My rating: 5 of 5 stars
I have a lot of love for Michelle Magorian, one of the great dames of British children’s literature. I’ve spoken about Back Home before, briefly, in a list of books featuring Dartington Hall, the place where I went to University. It was, however, a too brief mention and so I returned to Back Home in order to review it properly.
And, to be honest, I returned because I’ve spent too long without reading a Michelle Magorian. She’s one of those writers who simply is and always will be there in my life and her stories are ones that I return to when I need comfort, or when I just need to remind myself of what can happen when people are really good at what they do.
Back Home is a gorgeous, powerful book.

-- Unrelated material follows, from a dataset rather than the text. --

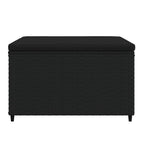 vidaXL Outdoor Patio Footrest with Cushion - Black, Made of Quality PE Rattan and Powder-Coated Steel, Featuring a Modular and Stylish Design, Offers Comfortable Seating with Thick Padded Cushion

Virginia is returning to the UK after being evacuated during the second world war to the United States. She’s come back with a new nickname, Rusty, and a new more confident personality. Fitting back into the world that she left is hard. Her family still expects her to be the Virginia they let go, her grandmother basically loathes her, and the war torn nature of Britain comes as stark contrast to the life Rusty led in the United States.
And so, perhaps inevitably, Rusty is sent to boarding school to bring her back to the girl that various people want her to be. It does not go well.
Alex Baugh sums it up excellently in this review by calling it “a misfit come of age story.” What’s particularly interesting is that this by no means refers solely to Rusty. There’s a strong feminist slant towards some of the novel, particularly the storyline affecting Rusty’s mother, and so Back Home is not just the story of Rusty figuring out who she is now. It’s the story of a whole lot of people figuring out who they are after the world changed all around them.
Magorian’s language and writing style are vivid and heartfelt. There’s points in this where you feel every single step taken by Rusty and, as ever with a Magorian, there will be tears. But there’s more than sadness in this book, it’s not just about those sorts of tears. It’s about hope and joining these characters on their journey of discovery.
Michelle Magorian is outstanding. You should all go read her stuff, now. I’ll write you a note for PE and I’ll phone your boss for you. Trust me, it’s worth it.